Il “business as usual” è il grande pericolo che corre l’Ue, dopo l’elezione di Macron. Scampata la minaccia Le Pen, tutti si dicono macroniani, senza però uscire dagli schemi tradizionali di un rassicurante status quo. Un esempio è la commissione Juncker, che oggi pubblicherà un altro “documento di riflessione” (questa volta sulla globalizzazione) nell’ambito di un Libro Bianco sul futuro dell'Ue privo di ambizione. Un altro esempio è Gianni Pittella, capogruppo dei Socialisti&Democratici, che ieri ha promesso di essere “più radicale nella difesa dell’Europa”, salvo cadere nella solita litania socialista sulla necessità di “porre fine alle politiche economiche guidate dall’austerità”. Secondo Cohn-Bendit, continuando così, la famiglia socialdemocratica europea va verso la “disfatta”. “La sinistra di governo è stata sconfitta in Francia e in Olanda”. Nel Regno Unito si prepara a un tracollo “drammatico” con Jeremy Corbyn. In Germania “la speranza Schulz non funziona”. La vecchia socialdemocrazia “è schiacciata”, spiega Cohn-Bendit. Da un lato c’è “la sinistra radicale con accenti populisti da America latina di Podemos e Mélenchon”. Dall’altro è emersa “la dinamica” social-liberale e neoeuropeista di Macron.

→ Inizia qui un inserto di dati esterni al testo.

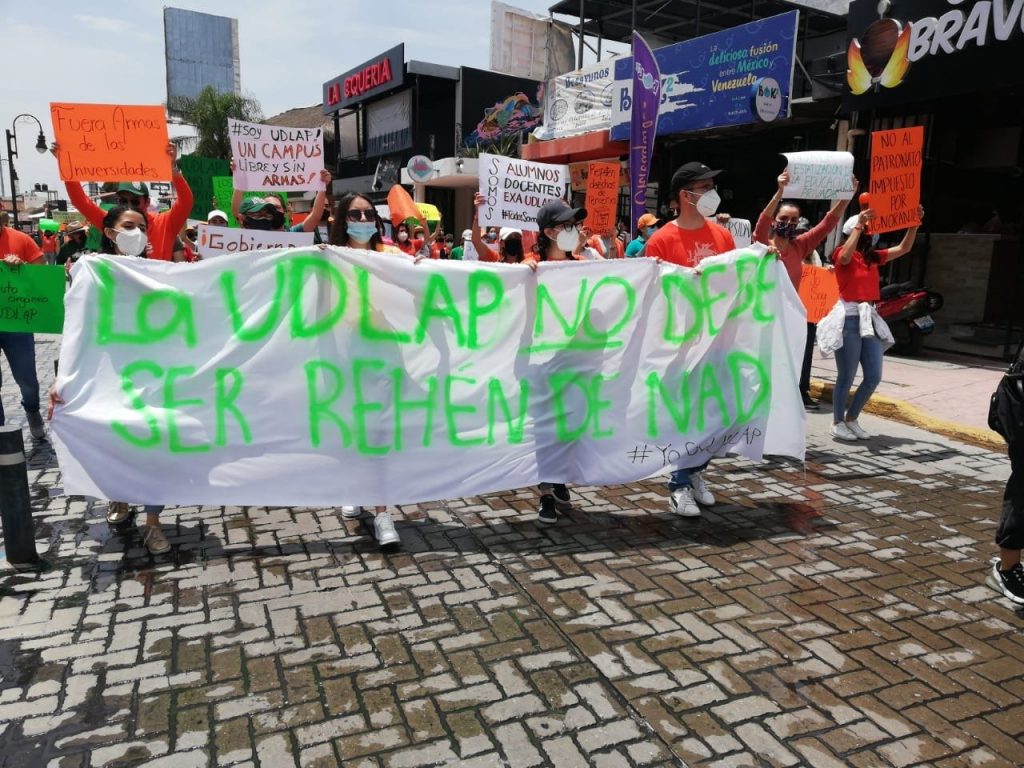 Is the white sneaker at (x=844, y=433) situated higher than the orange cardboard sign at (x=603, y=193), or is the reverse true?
the orange cardboard sign at (x=603, y=193)

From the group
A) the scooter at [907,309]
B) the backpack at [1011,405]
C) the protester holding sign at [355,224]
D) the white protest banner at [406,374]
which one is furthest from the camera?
the scooter at [907,309]

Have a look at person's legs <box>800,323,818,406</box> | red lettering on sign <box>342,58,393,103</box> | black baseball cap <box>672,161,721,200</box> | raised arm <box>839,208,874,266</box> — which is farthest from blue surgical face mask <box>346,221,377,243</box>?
red lettering on sign <box>342,58,393,103</box>

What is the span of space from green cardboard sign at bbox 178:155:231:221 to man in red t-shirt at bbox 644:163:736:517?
249 inches

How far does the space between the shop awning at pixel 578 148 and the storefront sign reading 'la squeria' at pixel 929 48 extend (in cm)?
549

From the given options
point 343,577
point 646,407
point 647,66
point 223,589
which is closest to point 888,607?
point 646,407

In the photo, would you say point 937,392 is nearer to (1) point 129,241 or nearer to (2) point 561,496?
(2) point 561,496

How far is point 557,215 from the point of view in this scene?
4.66m

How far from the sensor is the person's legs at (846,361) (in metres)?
6.39

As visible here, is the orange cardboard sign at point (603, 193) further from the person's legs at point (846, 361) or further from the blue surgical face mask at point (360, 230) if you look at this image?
the blue surgical face mask at point (360, 230)

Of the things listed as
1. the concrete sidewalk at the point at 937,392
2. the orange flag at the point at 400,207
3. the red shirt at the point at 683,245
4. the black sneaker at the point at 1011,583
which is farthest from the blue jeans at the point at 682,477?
the orange flag at the point at 400,207

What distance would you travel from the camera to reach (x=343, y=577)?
12.6ft

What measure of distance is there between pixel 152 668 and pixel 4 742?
531 millimetres

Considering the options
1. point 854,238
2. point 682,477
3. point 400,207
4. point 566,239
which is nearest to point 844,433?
point 854,238

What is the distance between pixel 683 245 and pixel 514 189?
2.15m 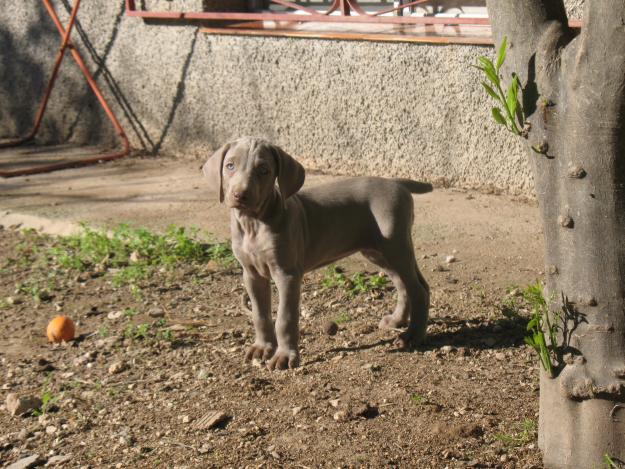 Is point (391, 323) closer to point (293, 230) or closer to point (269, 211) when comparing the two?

L’agenda di Macron sull’Europa è ambiziosa, a cominciare dalla proposta di riformare la zona euro con un ministro delle Finanze e un bilancio autonomo per finanziare investimenti e trasferimenti verso i paesi più in difficoltà. Occorre convincere Angela Merkel e il futuro presidente ha già annunciato che la cancelliera sarà il primo leader che incontrerà. Il pellegrinaggio a Berlino è una vecchia tradizione che si perpetua in nome della relazione franco-tedesca. Prima di Macron, anche Nicolas Sarkozy e François Hollande lo avevano fatto. Ma questa volta è diverso. L’uso dell'espressione “bastone del pellegrino” da parte di Cohn-Bendit non è casuale. Niente pugni sbattuti sul tavolo in stile Sarkozy, né finti scontri come Hollande che minacciò di non ratificare il Fiscal Compact per un effimero Compact per la Crescita. Macron rivendica apertamente l’alleanza con Merkel. Il che significa riformare la Francia per riconquistare la fiducia della Germania, ma anche accettare le condizioni poste da Berlino per approfondire la zona euro. Per Cohn-Bendit, la “novità è la determinazione” del futuro presidente francese sull’Europa. Macron “ha visto dall’interno quello che vuole dire rinchiudersi nell’Eliseo. Vuole restare in contatto con la realtà. Ha volontà e capacità di azione. Può avere successo”. Ma Cohn-Bendit non farà parte della sua squadra di governo: “Tengo troppo alla mia libertà”.